Did she give the others signals at all? 

"No I don't give any signals. The signals that I give are with my voice, and these musicians, because they know how to hear ... I mean, there is a very important element of hearing in this type of music. Because I don't deal with pre-planned forms or compositions, it's all about hearing, so it's about hearing and accepting the player as they are. With these guys I am not trying to tell them, 'Hey, play this for me so that I can hear this and do that'. I don't do that and I don't like that. They come in, they know that I'm hearing, I'm accepting their playing as it is. I'm not trying to hear something or make it into something else. I just allow those guys to play what they love to play and I'm hearing ... and I choose these players because they're brilliant and sensitive and they understand music." 

gty

"It's about another way of hearing music, it's a different way of listening, so when I'm hearing this music, I just hear the notes, the sounds, and I accept the sounds as they are, and then when you can do that, then you start to hear in a whole different way and it opens up your hearing and you hear behind the note. Because there is a whole concept - I mean just like when you're speaking to someone, the way you speak to a person, you can hear ... you don't even have to know the words they're saying, you can hear from the nuances within their voice … the sudden changes in pitch when they speak. You can hear certain sounds that go beyond verbalisation. So you don't have to actually say it. It just comes out. So that's the same thing with this type of playing."

 

Lola On Singing And The Voice As An Instrument

Who are her influences, as a singer? She mentions Maria Callas, Bjork, Sarah Vaughan, Anita O'Day, Aretha Franklin, Jeanne Lee, and Nina Simone. Danza: "Jeanne Lee is an avant garde jazz singer, really incredible. And she's one of my favorites. She has a great album called <em>Conspiracy<em/> (Earthforms, 1974) and there's another one with her and Ran Blake, a pianist - really great."   

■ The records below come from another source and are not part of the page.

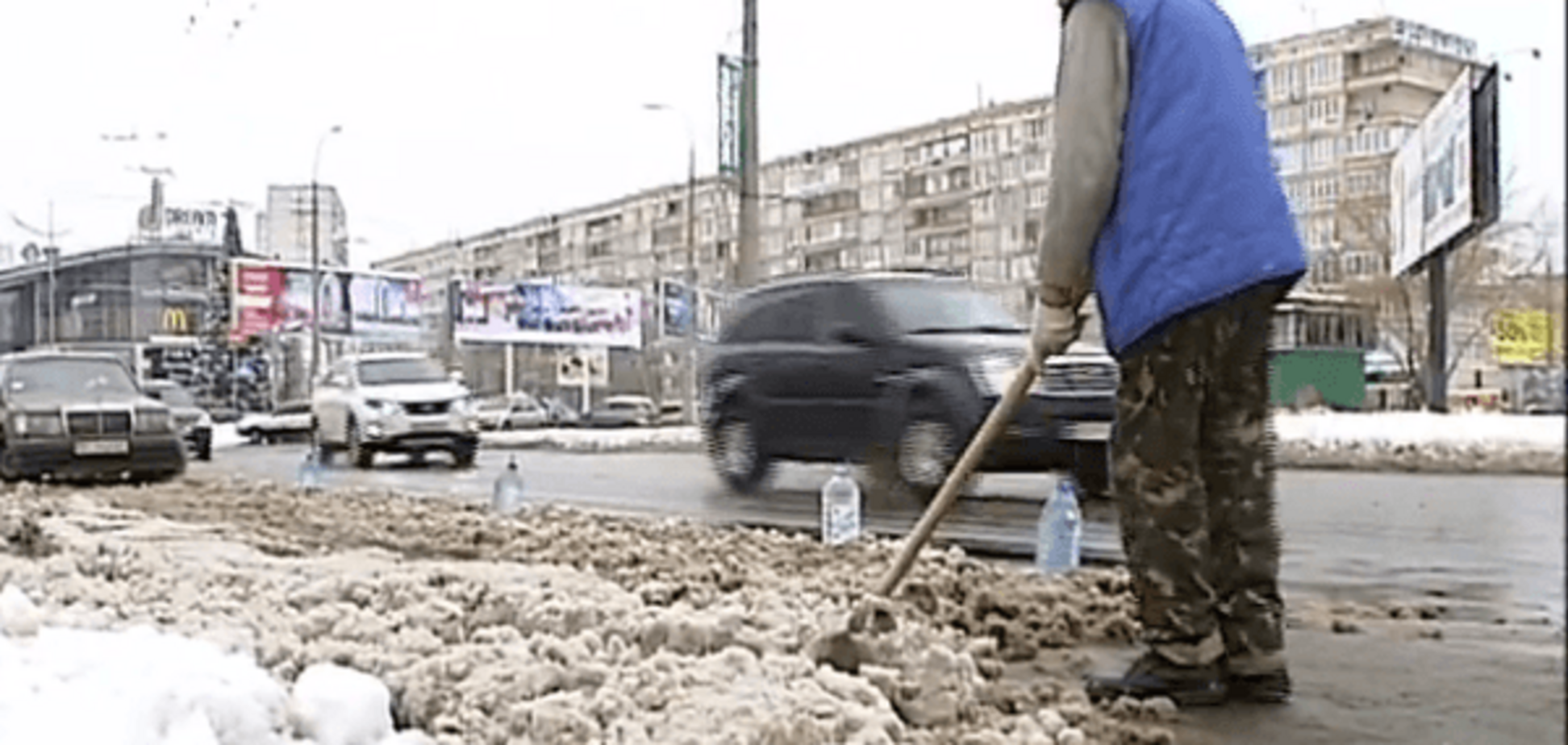 Привет от чиновников: кто саботирует уборку снега в Киеве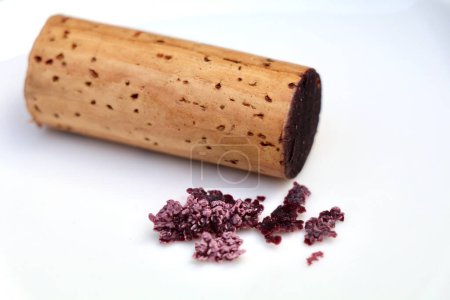 Rotweinkorken und trockene kristallisierte Weinsedimente auf weißem Hintergrund 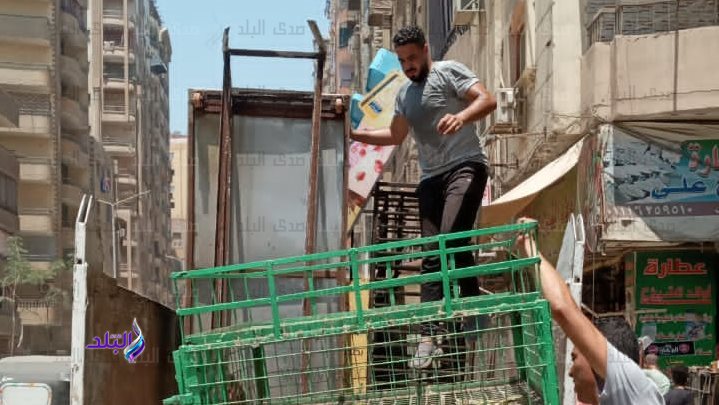 رفع إشغالات المقاهي والمحال
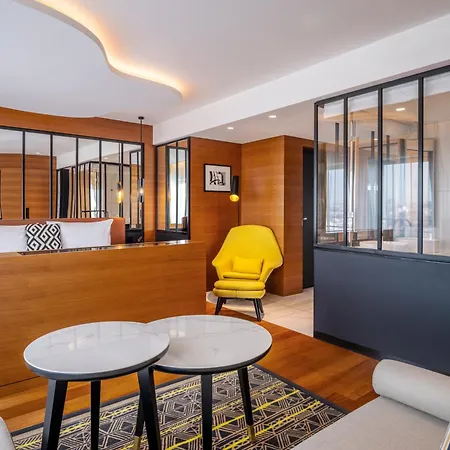 Renaissance Paris Republique Hotel & Spa-2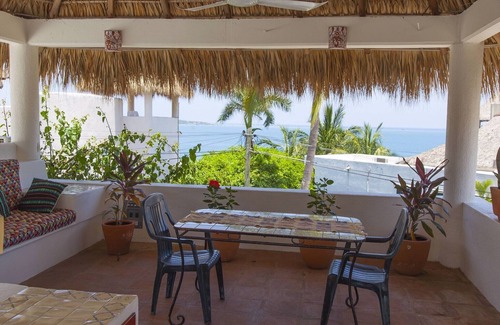 Hidalgo House | Casa Tres 2BR Starlink Walk to Beaches Ocean View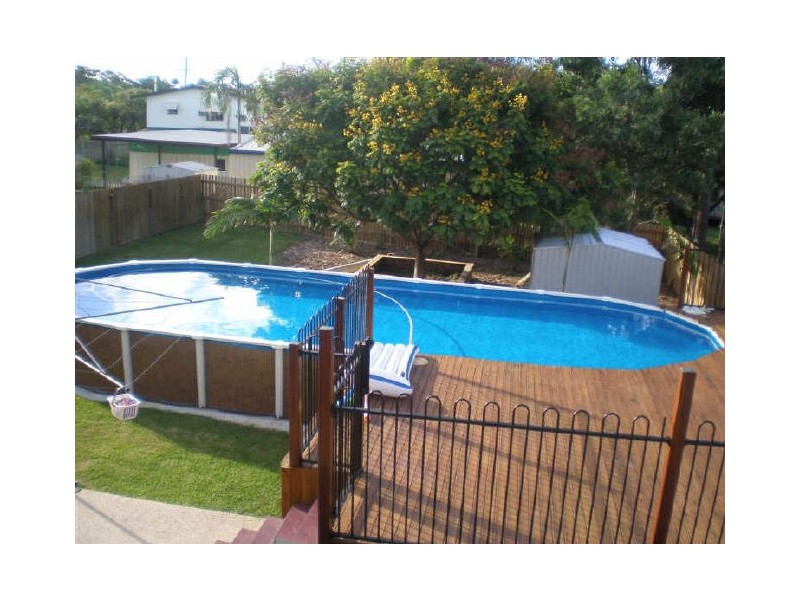 16 Daniel Street, Bowen QLD 4805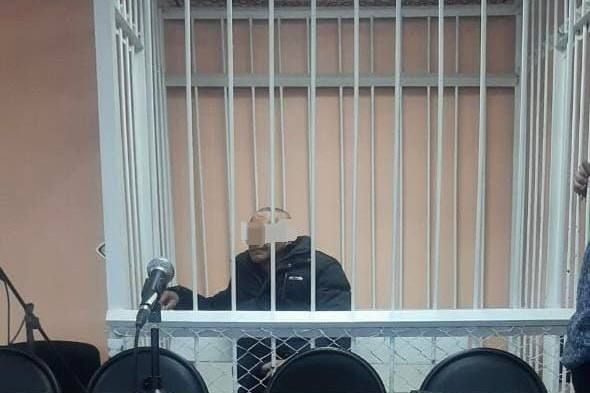 Облил пол бензином и подпер дверь ломом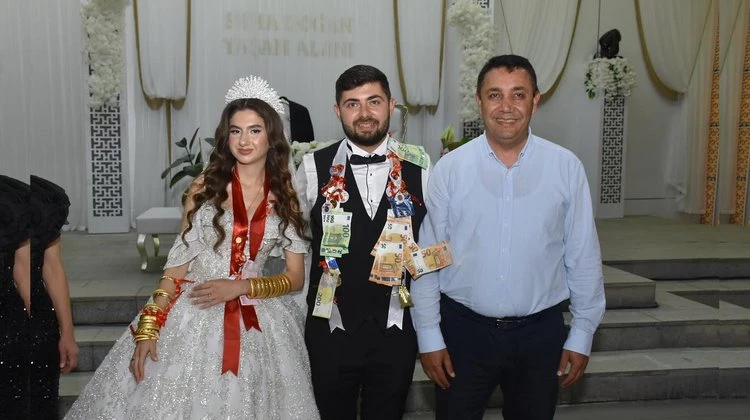 BAŞKANIMIZ, TANSU ÇAY VE BUĞRA ŞAHİNÖZ ÇİFTİMİZİN DÜĞÜN TÖRENİNE KATILDI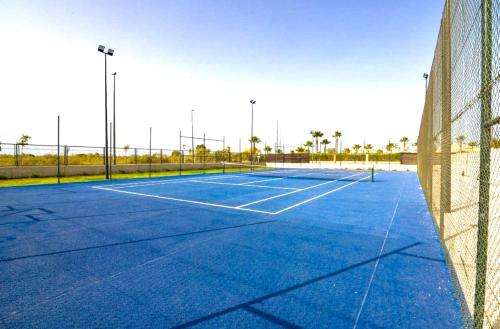 einen Tennisplatz mit einem Netz in der Unterkunft Los Flamencos Isla Canela WIFI y AIRE AC. SOLO FAMILIAS Y PAREJAS in Isla Canela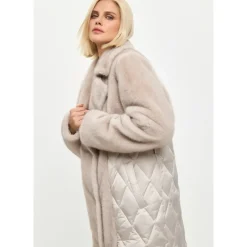 DAMES Cesare Gaspari Gewatteerde Pareljas van Imitatiebont met Riem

She also acknowledged, after another observation ventured by this writer, that at times on the new album she "does get into some tribal influence. I feel like the voice is a very flexible instrument. It's mind boggling. There's not a lot that has been explored as far as the palate of different sounds go, because there is such a vast palate of sounds that you can make with the voice. And if you look back through history, talking about tribal things around the world, the voice, the larynx, has about fifty five sets of different muscles within the larynx itself.

And if you talk to any linguistic specialist or what not, they'll tell you that when you are young you get used to using certain types of muscles within the voice, and that creates an accent so you have a certain style of talking because you are around certain areas or groups or whatever, so... a French person sounds very different from an Asian person or an African person or an American person... because we're using different parts of the throat and different muscles to create these sounds. So basically, what I think can happen through this type of music is the exploration of using different sounds with the voice to create, because if you think about it if you listen to a piano it has a certain type of sound, a saxophone has a certain type of sound. For instance, at a recent benefit concert that featured John Zorn, there was a pianist in his trio, Sylvie Courvoisier, who used mallets and duct tape on the strings of the piano to transcend the instrument. 

Hal Crook does it with his Harmonizer on the Trombone.  As an artist you try to transcend your instrument.  Piano is a hard instrument to get different types of sounds out of it. I mean, if you look at someone like, in my opinion, Lowell Davison, a piano player, or even someone like Cecil Taylor, they have been able to transcend the piano sound by having so much technique, so many different imaginative ideas, and the ability to create so much within the moment. So, looking at the voice, what I'm hearing is ... At home, I'm practising how to make these different types of sounds with the voice and put them into a musical context and just explore the flexibility. The possibility of using the voice within music is limitless.  I mean, it can be written into a symphony ... For example, Berlioz:  I love his Requiem. He is actually having the choir comp for the (orchestra) - in Latin - and it's a trip to listen to 'cause he's using the instrumentation in a totally different way! So when I heard that, I thought  ... that's another possibility. So what I'm looking for is the possibilities and the impossibilities of what the voice can do."  

"The human voice is limitless and has not been fully explored, not by any means ... The human voice is capable of so many different things. And also for me, the human voice is really the connection, the essence of our being, of who we are, so in this music that's what I'm doing, I am allowing that connection to be seen no matter how personal ... it's who I am, and I am just allowing that to come out in this music."